INPUT DATA Start Marker
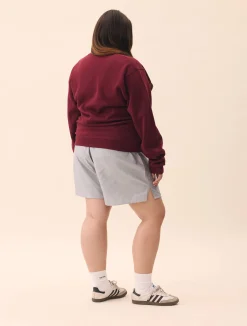 Shorts|Sets><noscript><img width=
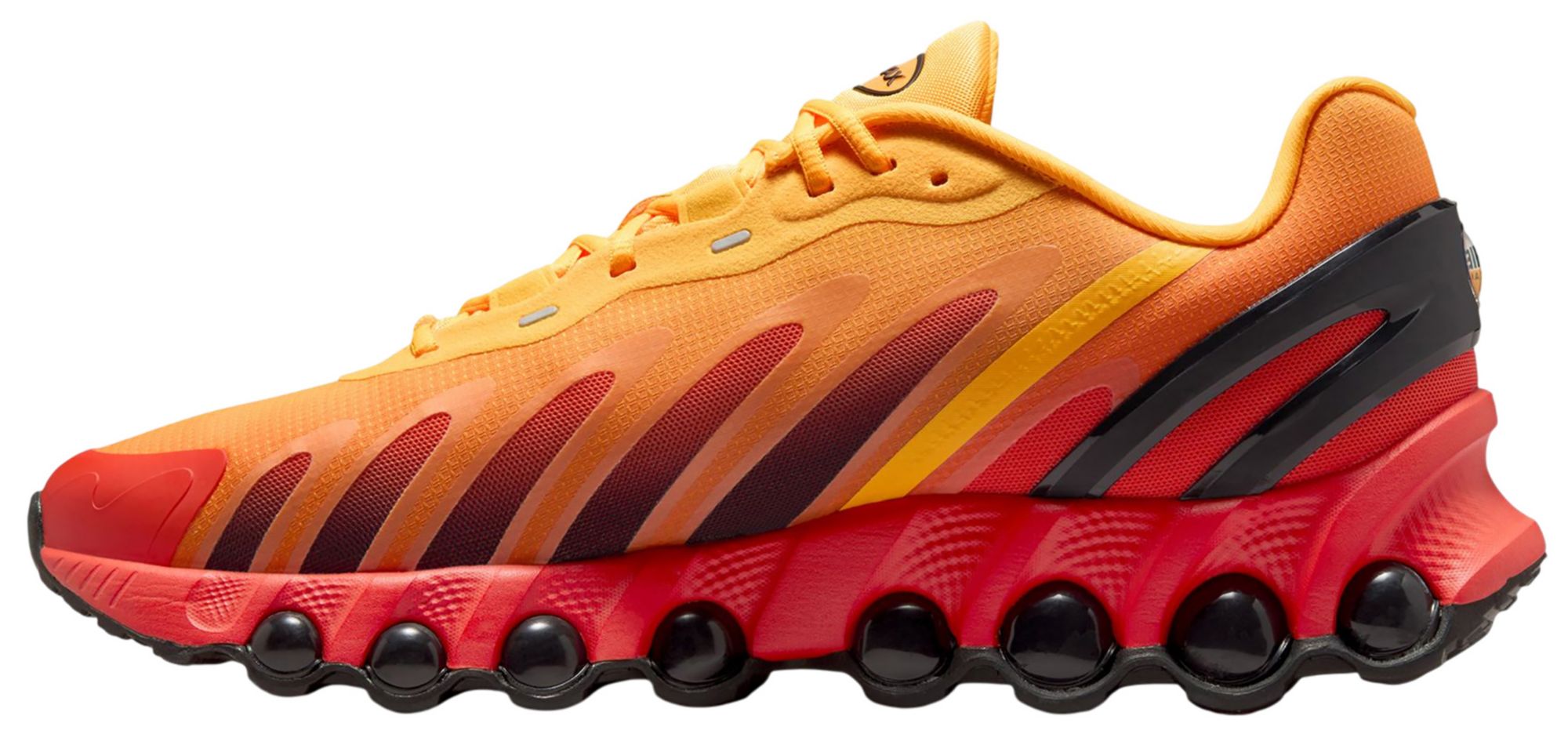 Nike Men's Air Max Dn8 Shoes product image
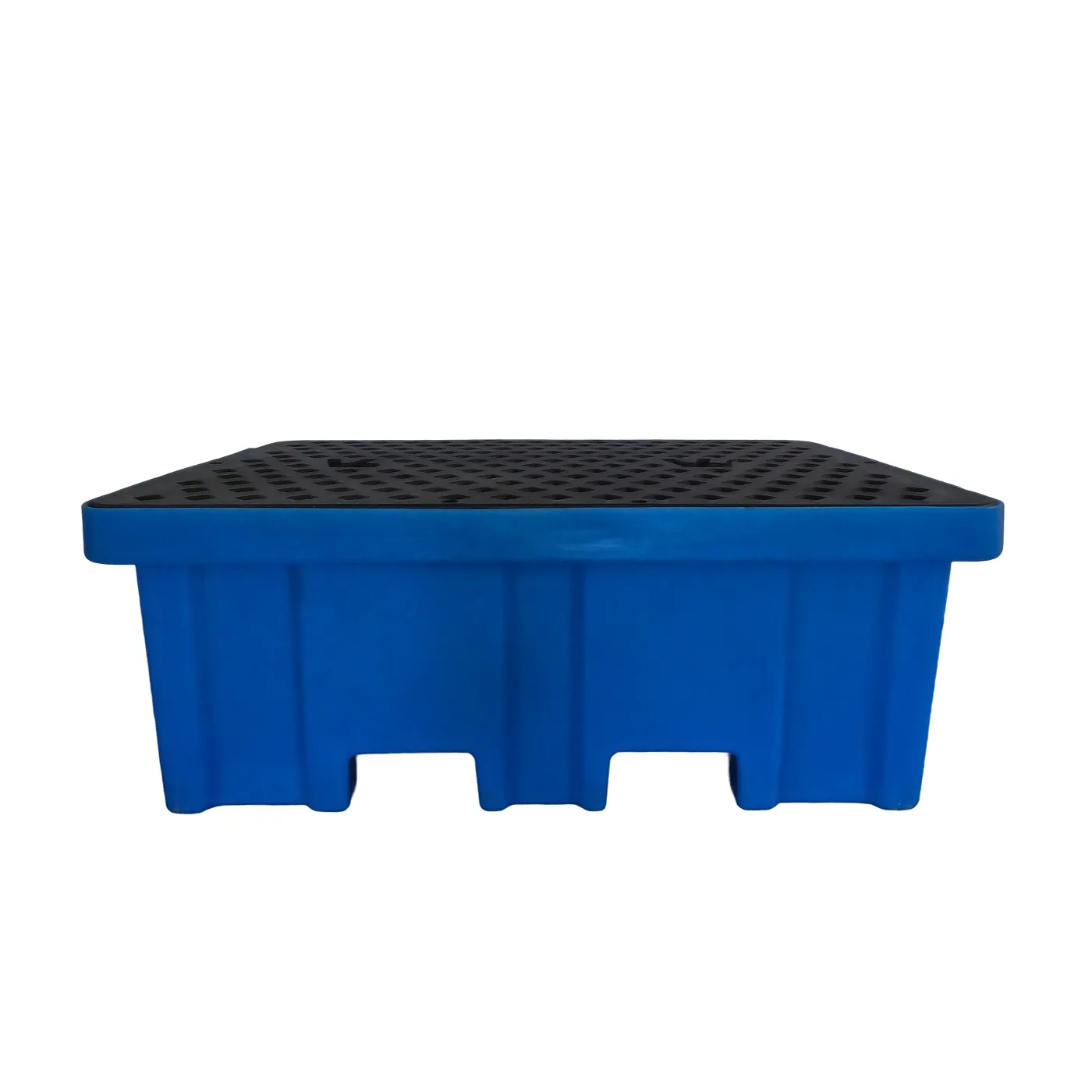 Greenindus-bac-de-rétention-romold-LTD-1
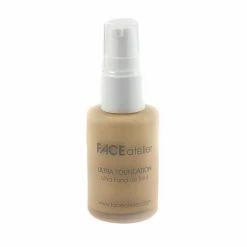 Face Atelier Ultra Foundation 34 Face Atelier Ultra Foundation
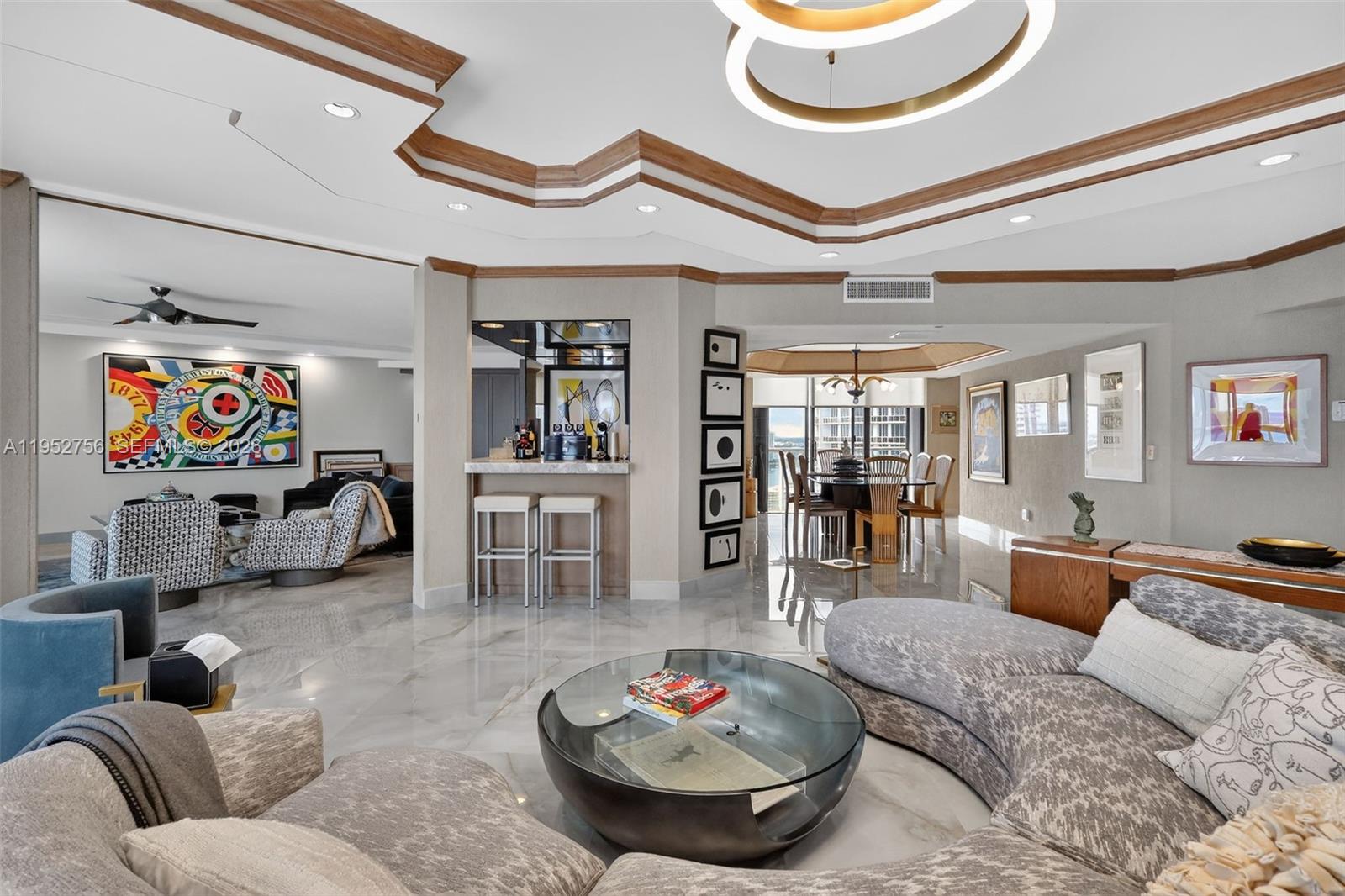 2602 4 / 4 2884 sq. ft. $ 2026-01-26 0 Photo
INPUT DATA End Marker
_WHAT NEEDS TO BE DONE_
What is needed here is an exact transcript of the data above, pictures excluded.

_YOUR SOLUTION_
 Shorts|Sets><noscript><img width=
 Nike Men's Air Max Dn8 Shoes product image
 Greenindus-bac-de-rétention-romold-LTD-1
 Face Atelier Ultra Foundation 34 Face Atelier Ultra Foundation
 2602 4 / 4 2884 sq. ft. $ 2026-01-26 0 Photo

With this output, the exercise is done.